Lee is among the thousands of foreign scientists, entrepreneurs and politicians who flocked to McCormick Place on Sunday for the opening of BIO2006, the major trade show for the world's $90 billion biotechnology industry. Participants will compare notes on new ways to manipulate nature, looking for partners, investors and customers from across the globe.

The meeting, which runs through Wednesday, also is drawing critics of genetically modified foods, and police expect protests similar to those that follow the BIO trade show wherever it goes. On Sunday, Chicago police outnumbered the dozen or so activists who chanted and screamed at biotech conference attendees outside the Hyatt Regency Chicago.

Even though consumer resistance has proven a significant stumbling block in marketing genetically modified foods, the international race to discover new ways to enhance foods is moving forward at high speed.

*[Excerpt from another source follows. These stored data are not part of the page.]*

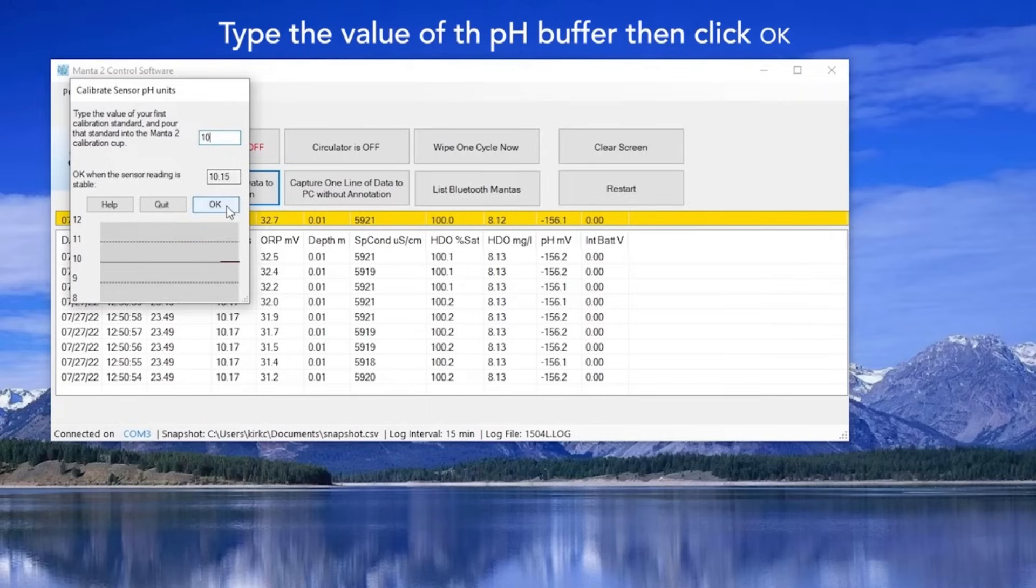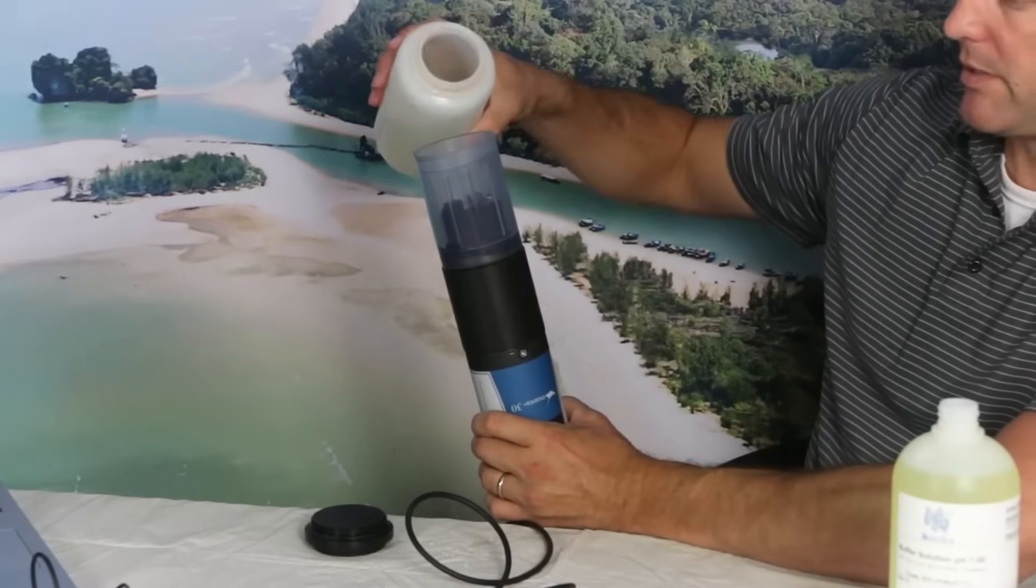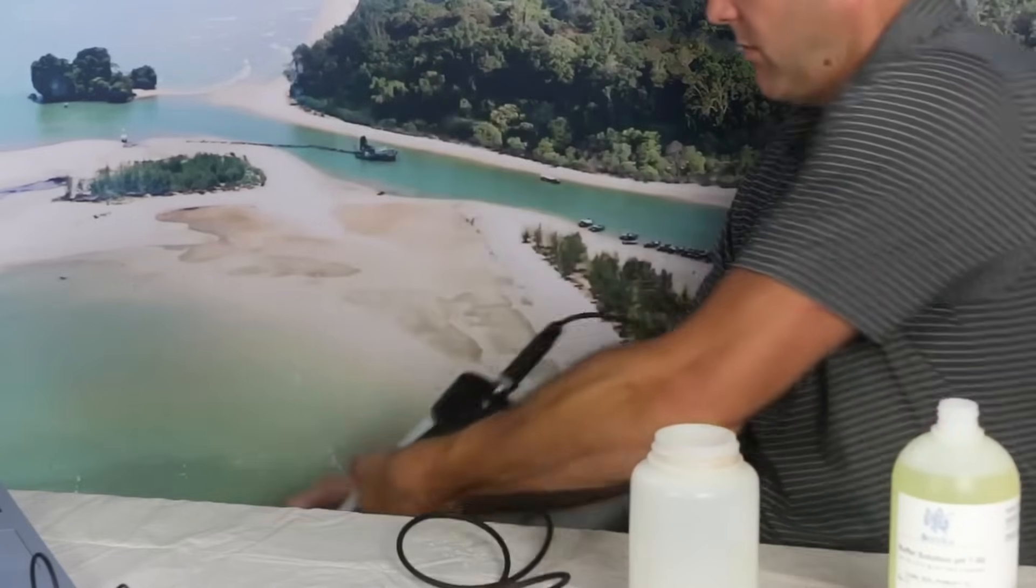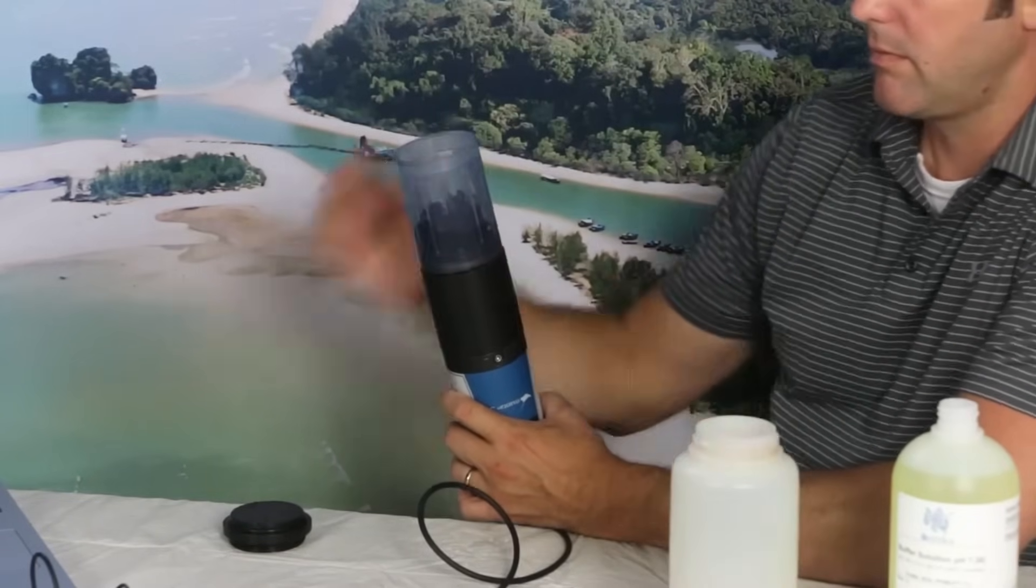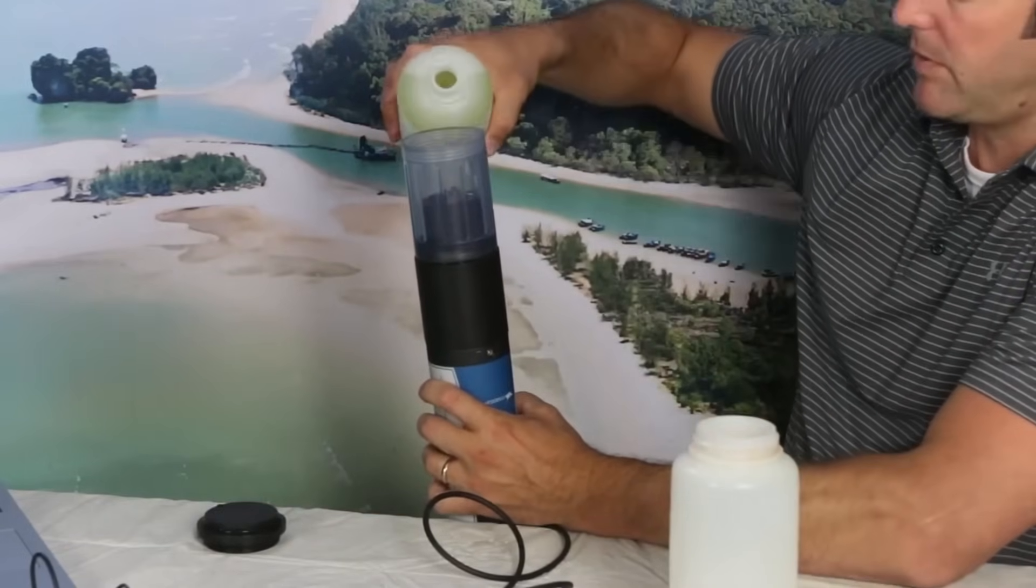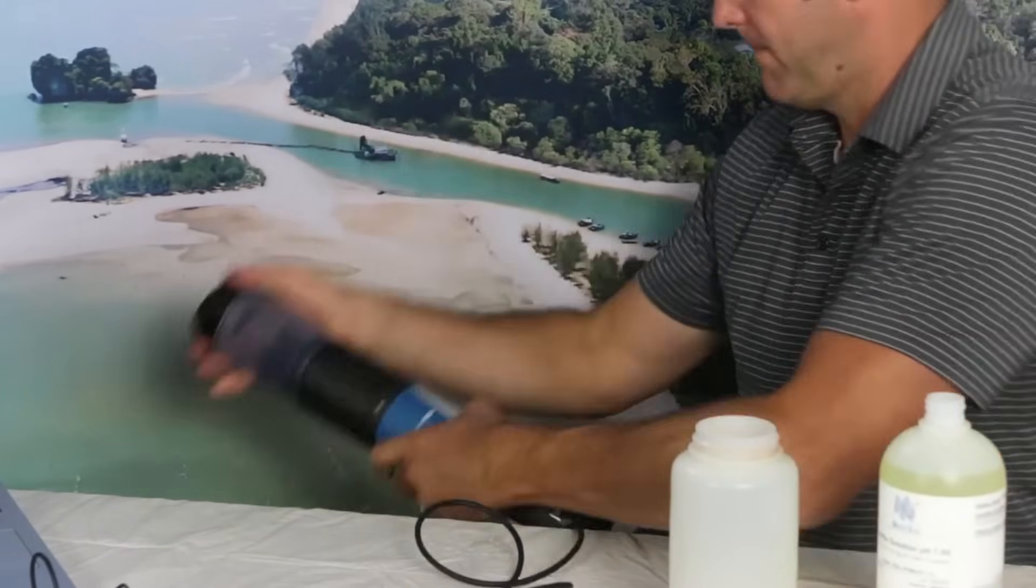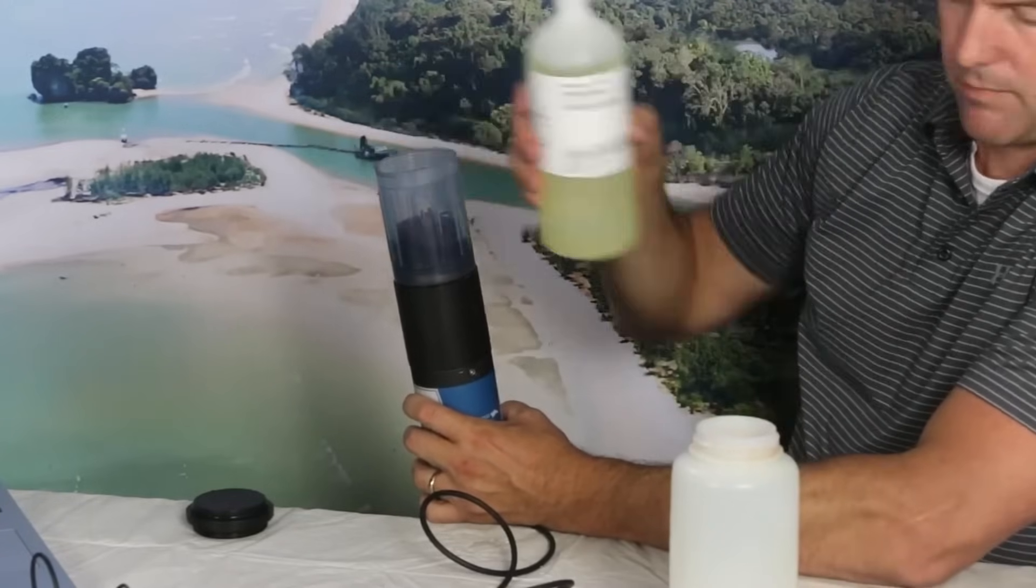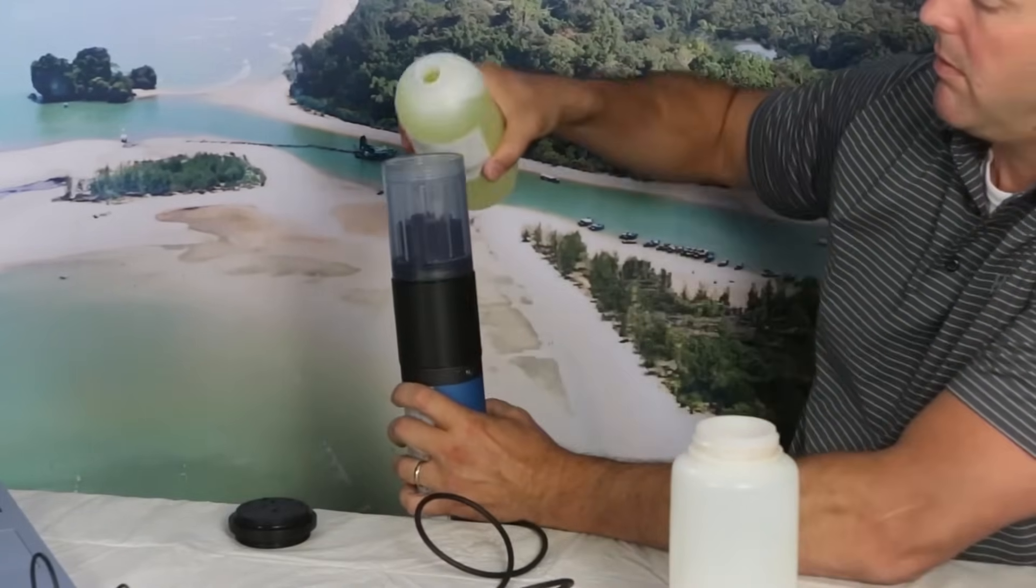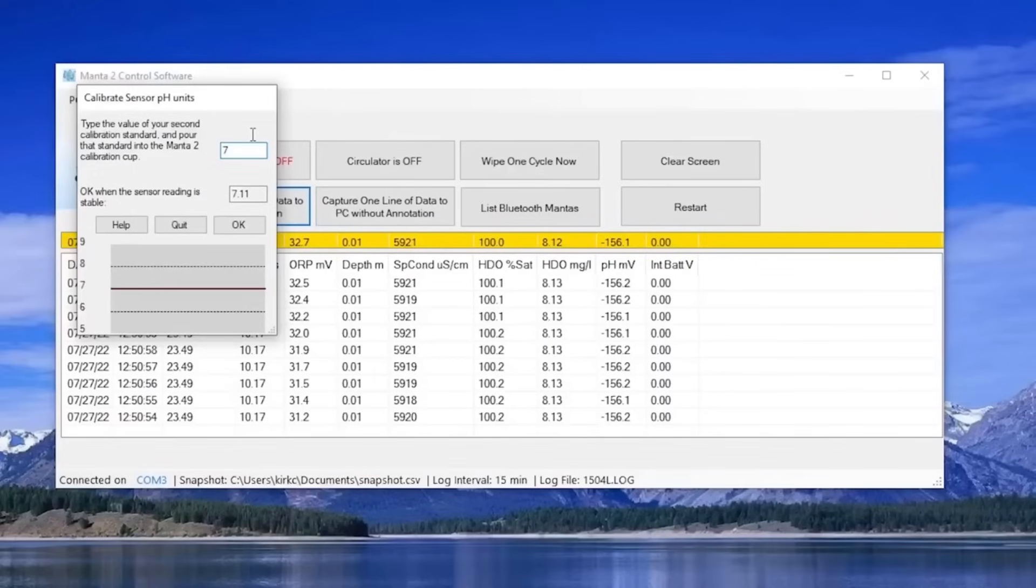You will then be prompted to do your second calibration. To calibrate your second point, we're going to do our rinsing process once again with our DI or RO water. Second rinse with water, then two rinses with our seven buffer. Then finally, fill the cup up to where all of your sensors are submerged. Wait for the reading to stabilize, and then click OK.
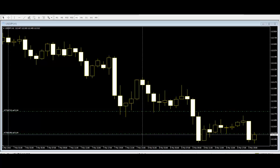Candlestick formations make all single bar and multi-bar patterns significantly easier to spot in real time. Thus, it increases traders' chances of catching high probability trade setups.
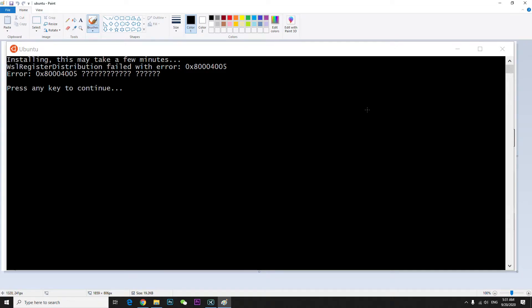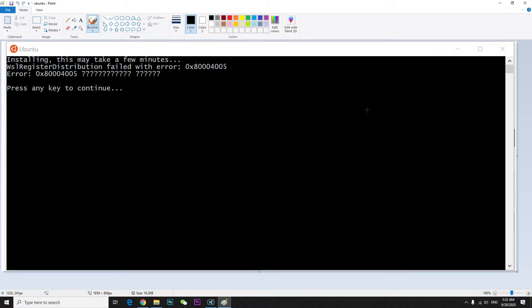Alright guys, in this video I'd like to talk about how to fix this kind of problem like a WSL distribution failed with error. In order to fix it, you have to open the command shell.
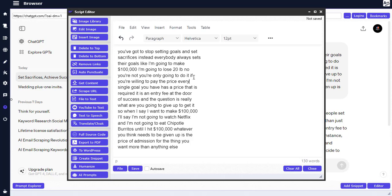So if you want to get the software, make sure you check the description below — you're going to get the link to access the software, get it from me, and have lifetime premium access. Thank you guys, bye!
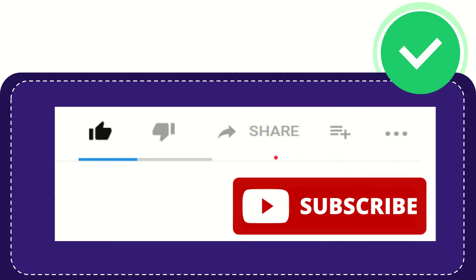Thank you so much for watching this video and see you again in another video. Bye bye, see you again.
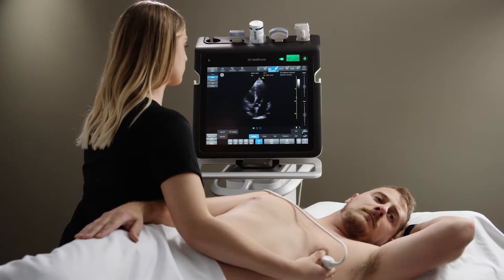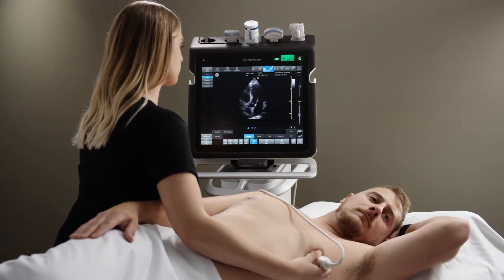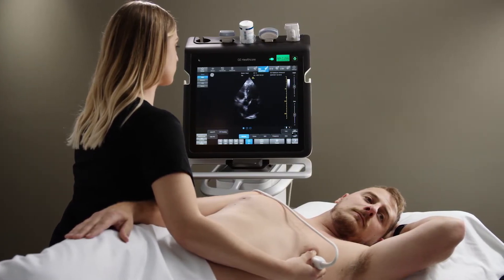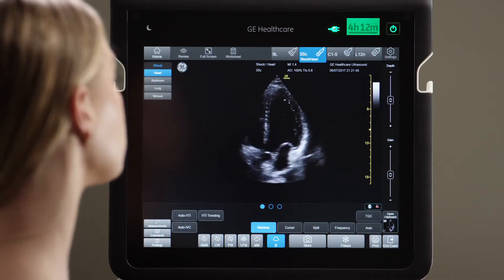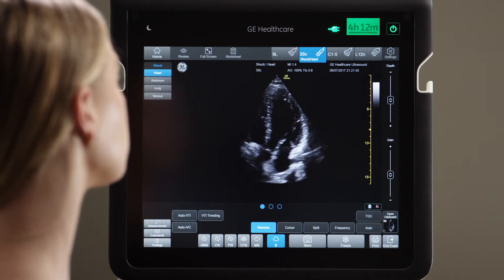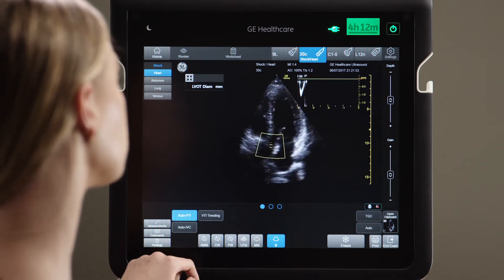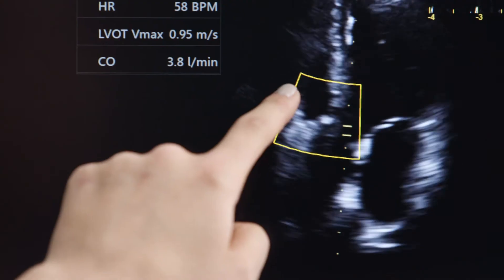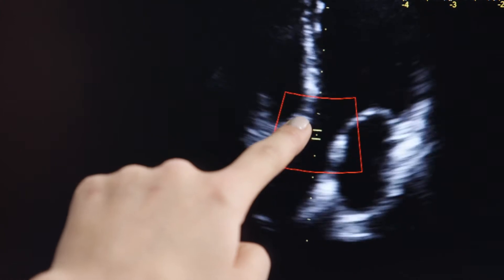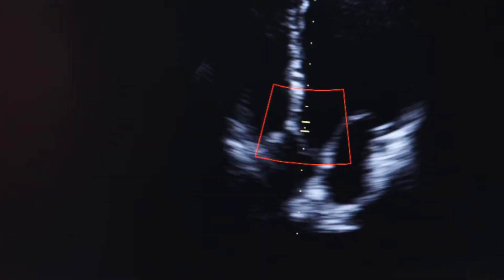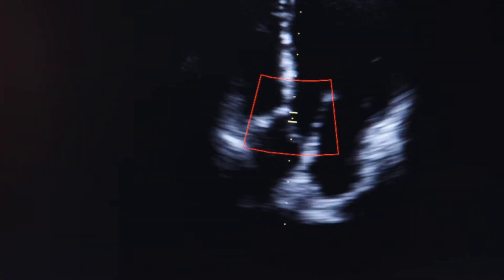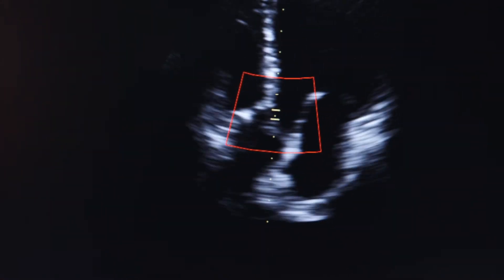When using Venue and you want to assess the VTI, find a 5 or 3-chamber view and press Auto VTI. If needed, optimize the position of the sample box over the left ventricular outflow track.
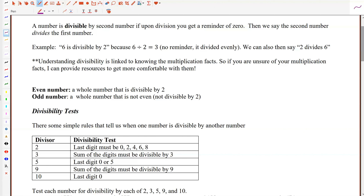One of the major classifications of whole numbers that relates to divisibility is whether or not a number is even or odd. An even number is a whole number that is divisible by 2 — meaning 2 divides it evenly with no remainder. Looking at our whole number system, even numbers would be 0, 2, 4, 6, 8, 10, 12, 14, and so on.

The grape-sniffing project is just one example. Australian researchers say they are on track to harness insects' sense of smell to produce electronic sensors that grape growers could use in just six years.

According to Lee, the goal is to tell growers the best time to irrigate a specific crop and to help them identify the grapes that will produce high-quality wine.

Such biotechnology does not require any manipulation of grape genes in order to make better wine. Because of concerns of some consumers, Lee said, researchers are striving to keep such manipulation to a minimum.

By avoiding direct genetic manipulation of crops - the removal or changing of a crop's genes so that its behavior is changed - the industry won't face the regulatory hurdles that greatly extend the time lag from laboratory success to new products in the marketplace.